Maybe you’ve scored that prized interview you’ve been after for some time, or maybe your CEO chose you to deliver a presentation, or maybe you have a big networking event—whatever the case, you’re obviously excited, but you’re also really nervous.
Here’s where mindfulness comes in. Regardless of if you’re a seasoned meditator or a newbie, you can test out S.T.O.P.—a powerful, yet surprisingly basic strategy that helps you to be focused, alert, relaxed, and at your emotional best when a big moment presents itself in your life.
Simply put, it’s a four-step mental checklist to use anytime you want to add a burst of fresh energy, creativity, or insight to whatever is going on. The whole idea behind it is that by taking a very brief break—even less than one minute—you can determine the very best action to take in the moment.
Let’s walk through it together:
S = Stop
Stop what you are doing: Press the pause button on your thoughts and actions.
T = Take
Take a few deep breaths to center yourself and bring yourself fully into the present moment.
O = Observe
Observe what is going on with your:
What physical sensations are you aware of (touch, sight, hearing, taste, smell)?
What are you feeling right now?
What assumptions are your making about your feelings? What is the story you’re telling yourself about why you are having them?
P = Proceed
Proceed with whatever you were doing, making a conscious, intentional choice to incorporate what you just learned.
Putting it Into Action
Let’s say you have a big interview coming up and you are practicing your answers to questions with a friend.
He asks, “What direct experience do you have working in our industry?” You stress out because you’re changing careers and you don’t have any direct experience. But, instead of panicking and telling your friend the mock interview’s over and you can’t do this, S.T.O.P.
Write the question down, then pause.
Very intentionally take a few deep breaths
Body: You might notice a tightening in your stomach or that your breath gets shallower.
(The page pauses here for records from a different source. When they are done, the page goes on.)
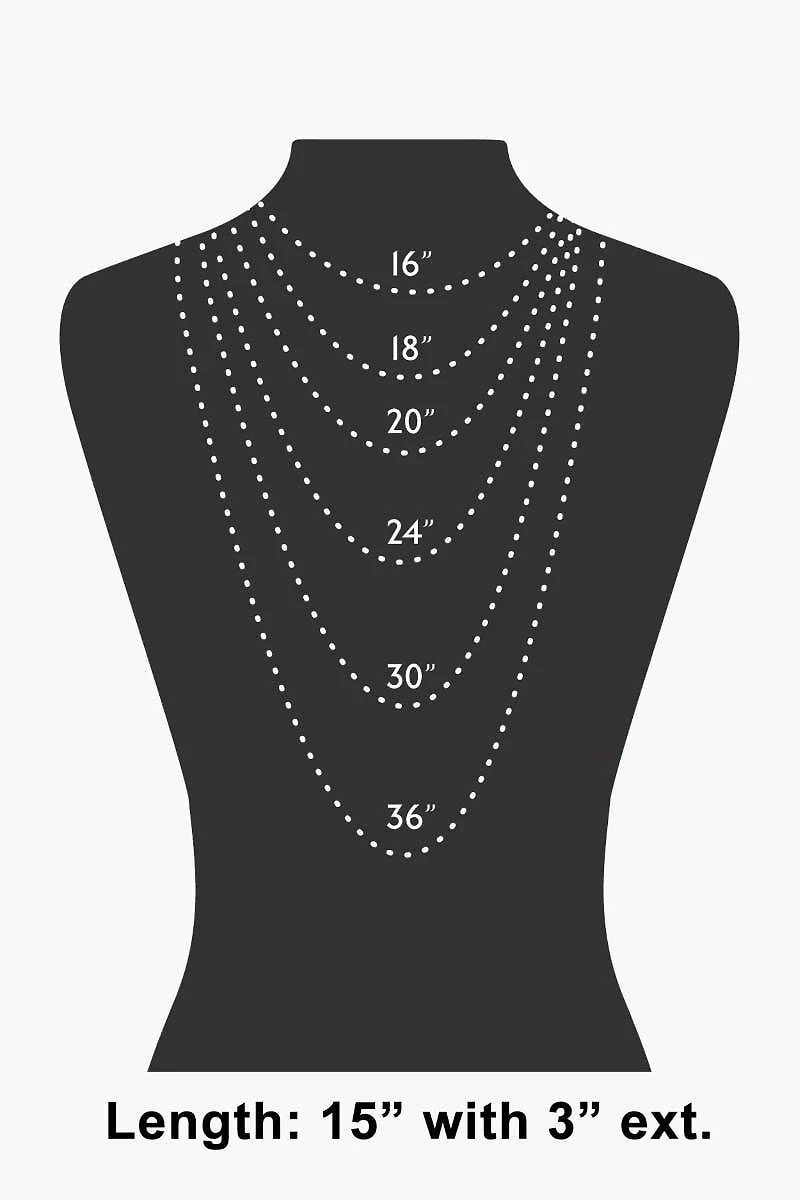 Clover Station Shell Charms Layered Chain Necklace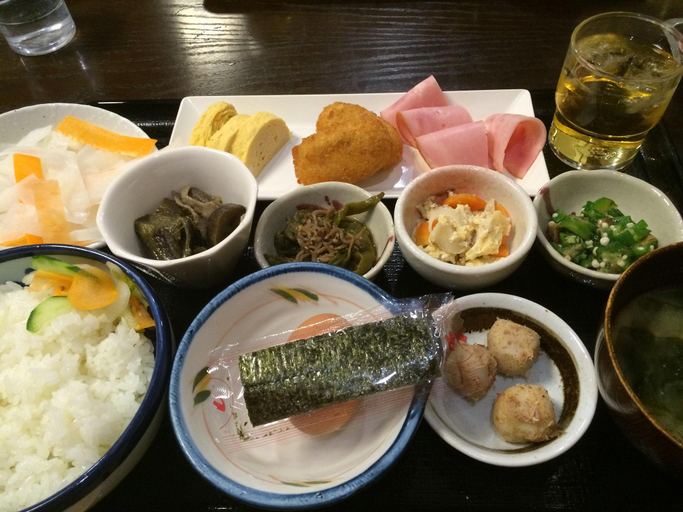 Food & Drinks 5, Sauna & Capsule Hotel Rumor Plaza, Kyoto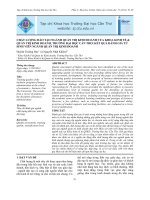 CHẤT LƯỢNG ĐÀO TẠO NGÀNH QUẢN TRỊ KINH DOANH CỦA KHOA KINH TẾ & QUẢN TRỊ KINH DOANH, TRƯỜNG ĐẠI HỌC CẦN THƠ: KẾT QUẢ ĐÁNH GIÁ TỪ SINH VIÊN NGÀNH QUẢN TRỊ KINH DOANH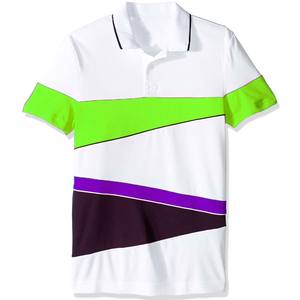 Polo de tennis à séchage rapide en polyester et élasthanne pour hommes, avec broderie en blocs de couleurs personnalisés de haute qualité et logo design - Product Image 3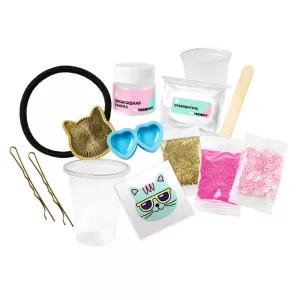 Игрушка для детей старше 5 лет по изготовлению фигурок модели "Be TrenDIY", Резинка и заколки золото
Emotions: Did the question make you feel nervous? Unsure of yourself?
Mind: What are you thinking? Maybe: “I always feel this way when I try something new, and it always seems to turn out OK…” or “Wow, I’ve always talked about changing to a new industry, and here I am actually doing it!”
As you think about your answer, consider what you’ve just observed about yourself, and what you want to do with what you just learned. You might say to yourself: “I’m going to remember when I notice my stomach tightening that I’m excited to be taking steps to change careers.”
So now, instead of panicking, your inner monologue says to you:
“I have a lot of relevant experience I can bring from my previous work, so I’ll be genuinely positive and focus on my excitement and my transferable skills when this question comes up.”
Now, when you get asked this for real, you’ll be able to put your S.T.O.P. lessons to good use and answer without missing a beat. And remember, this doesn’t just apply to interviews, but to any situation that’s causing you anxiety. The more mindful you are of what’s going on in your own body and brain beforehand, the easier it will be to shine when it counts.